In the listing below, find the line with "If you select" and the line with "Hello students, welcome", then return them and every line between them exactly, minus the pictures.

· · · ·

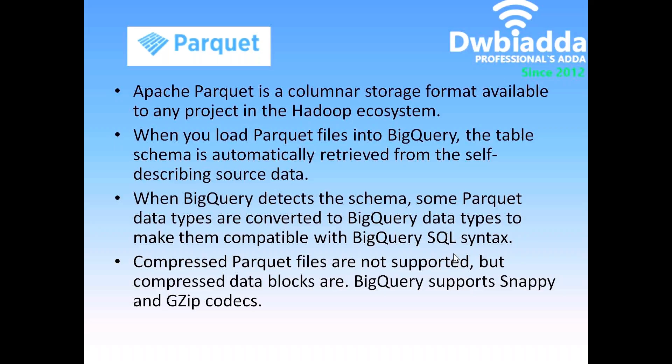When BigQuery detects the schema, some Parquet data types are converted into BigQuery data types to make them compatible with BigQuery SQL syntax.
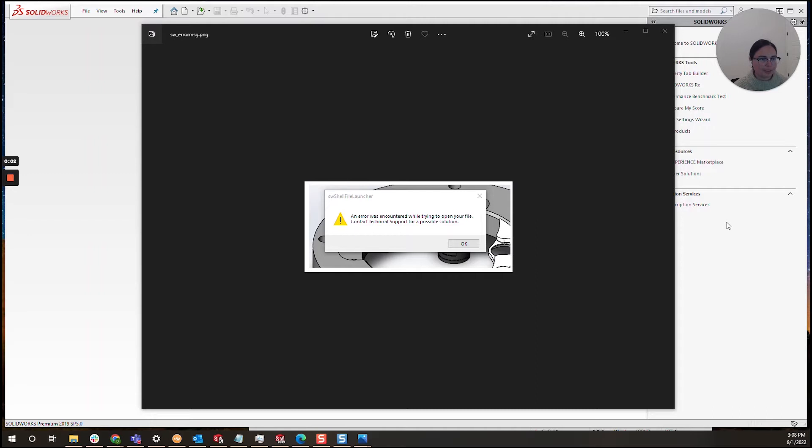Hi everyone, I'm Daniela and I am the SOLIDWORKS and SOLIDWORKS PDM SME for SBK and Associates.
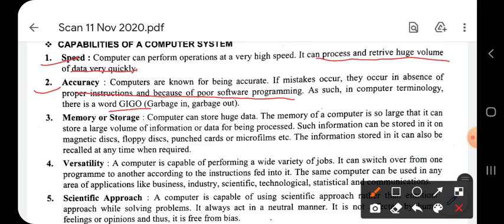For example, if we enter 2 plus 2 in a calculator or computer, the answer is 4. But if we mistakenly enter 2 plus 3, the answer will be 5. So if we give wrong instructions or wrong data, the answer will automatically be wrong. This means the computer's speed is greater than a human's, and in terms of accuracy, the computer is more perfect than a human being, because it totally depends on instructions - if the instruction is correct, it will give you the correct result.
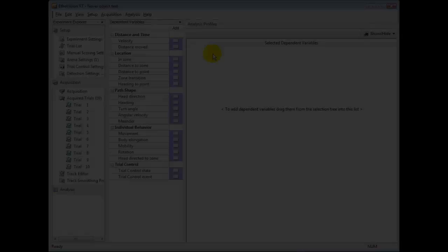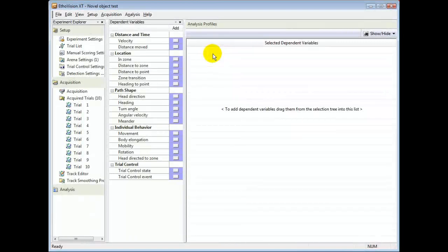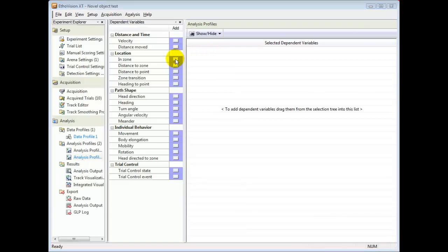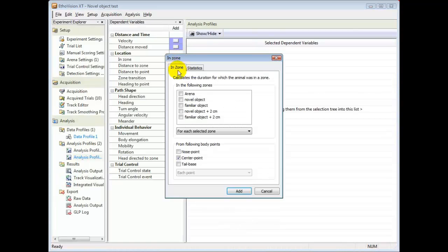If you select the INZONE variable, you can calculate how often and how much time the mouse was investigating the novel object.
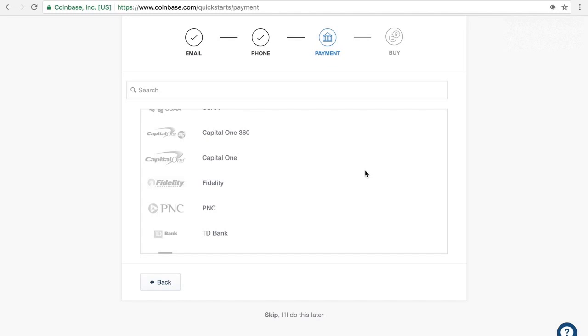So once you've linked your bank account, then you can freely buy and sell the digital currency very easily from your wallet, which I'll show you next.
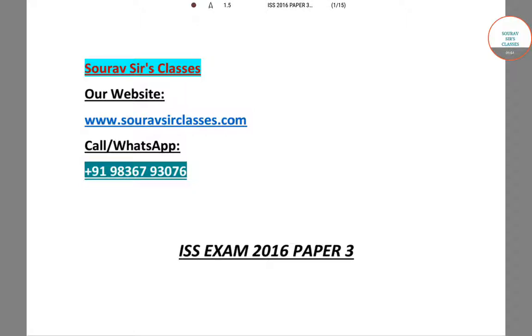Hello students, welcome to Sourav Sir's classes. In this video, I will be solving a question from ISS 2016, Paper 3.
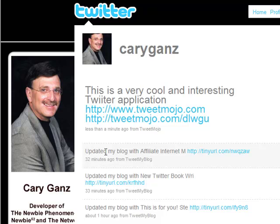Anyway, that's TweetMojo — it's a very cool little application for Twitter. This is Kara Gantz from the Newbie Phenomenon. We have lots more tools like this at www.newbiephenomenon.com — N-E-W-B-I-E-P-H-E-N-O-M-E-N-O-N dot com.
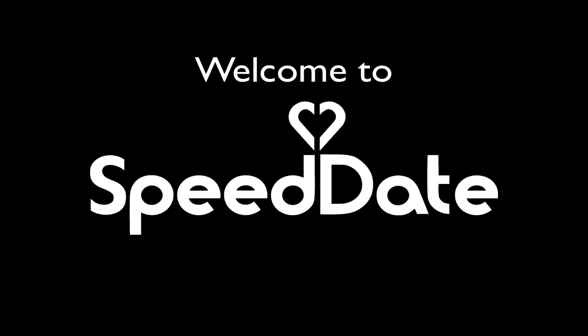Welcome to Speed Date, the world's largest online speed dating site. We want you to have a great time meeting real people for five minute speed dates. So here's a speedy overview.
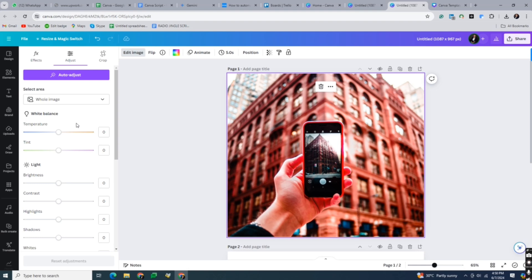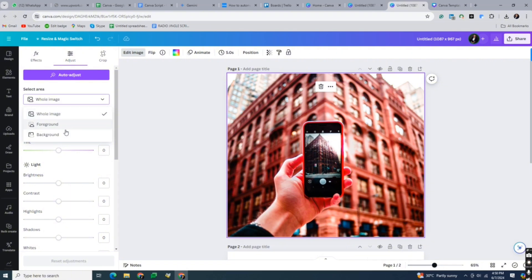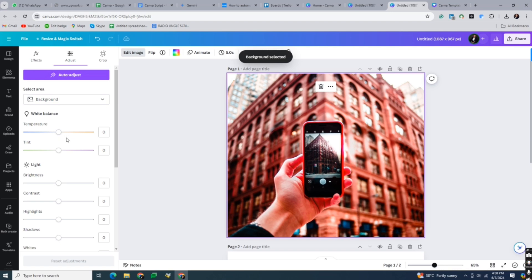Within the adjust options, click on the selected area. A new menu will appear with selection options. Choose background from the selection options. This will automatically detect and highlight the background area.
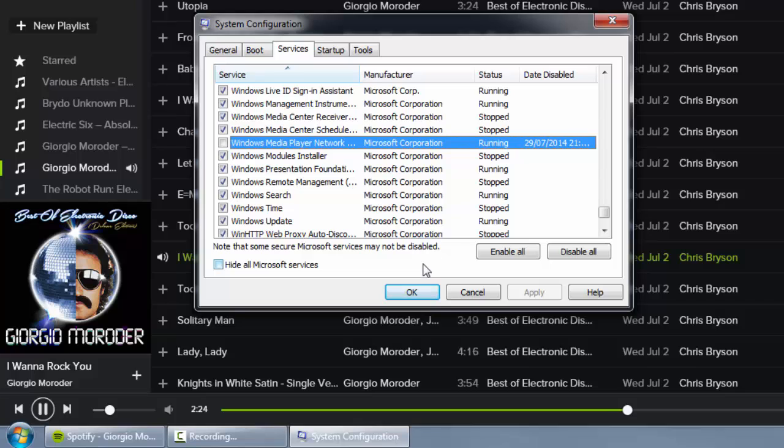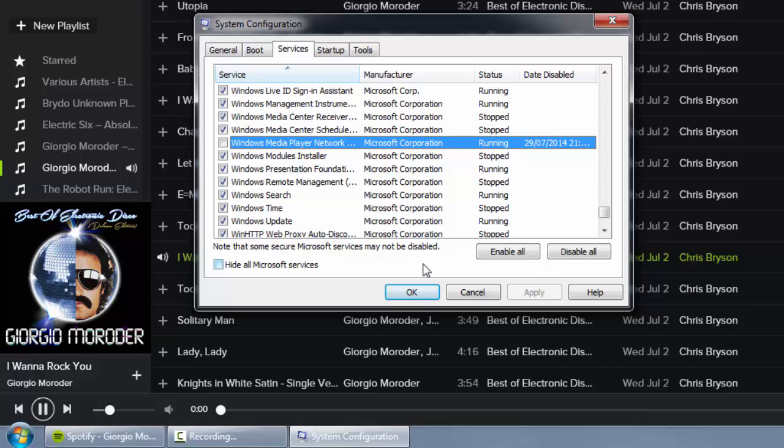And if I press the play and pause button now, it stops playing the music. And then we can go back and forward tracks as well.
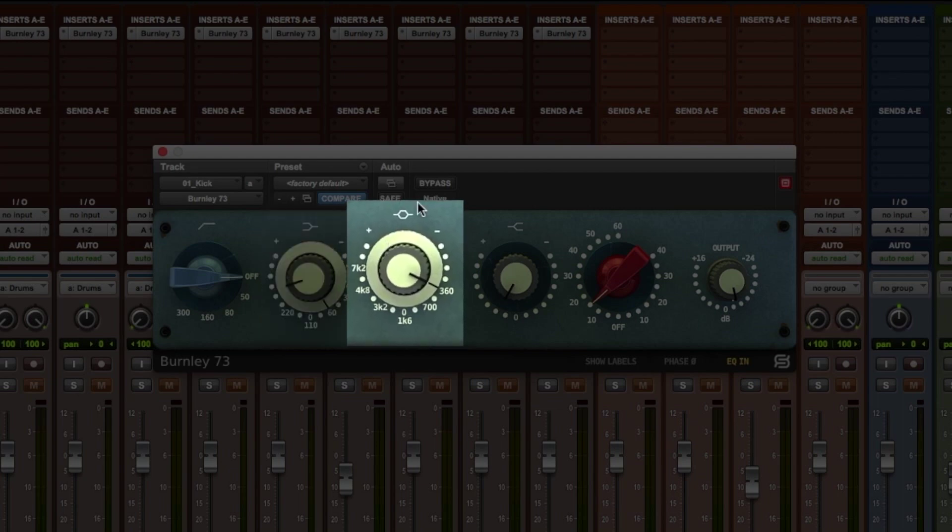The mid band is a bell-style filter with six selectable frequencies: 360 Hz, 700 Hz, 1.6k, 3.2k, 4.8k, and 7.2k.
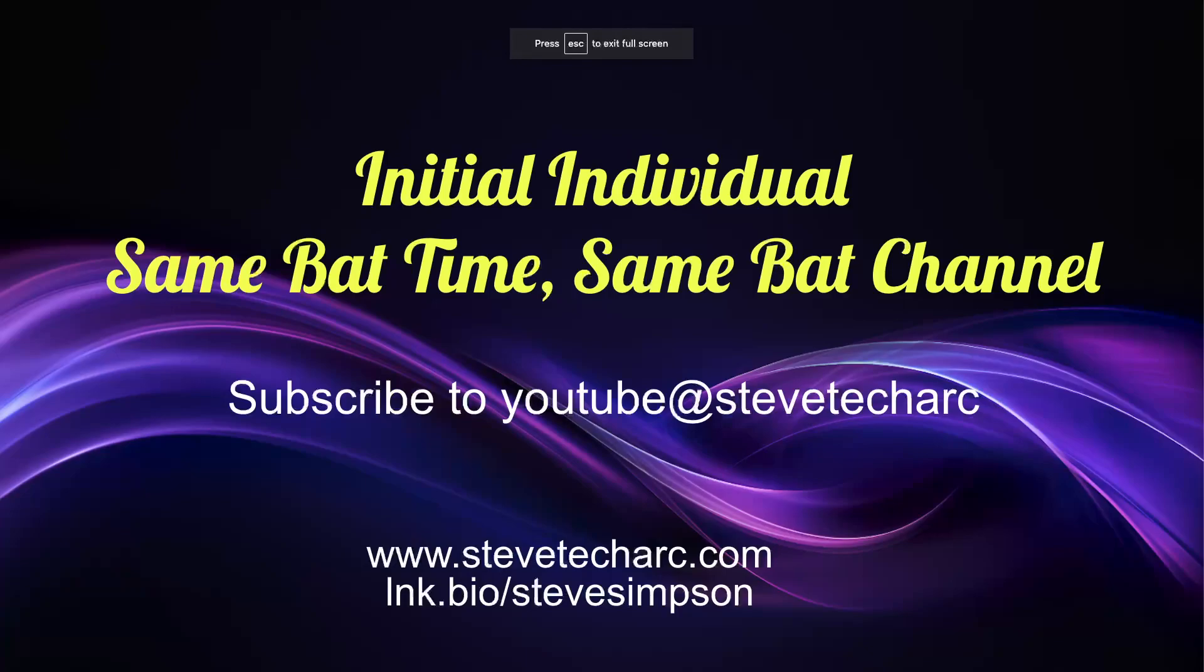Thank you for joining me for initial individual. We're going to be joined again same bad time, same bad channel. Make sure you come to www.stevetechark.com and subscribe to my YouTube channel SteveTechArk. Hope this was helpful and have a great day.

· · · ·

-- Response --
If you select the INZONE variable, you can calculate how often and how much time the mouse was investigating the novel object.
So once you've linked your bank account, then you can freely buy and sell the digital currency very easily from your wallet, which I'll show you next.
Hello students, welcome to Sourav Sir's classes. In this video, I will be solving a question from ISS 2016, Paper 3.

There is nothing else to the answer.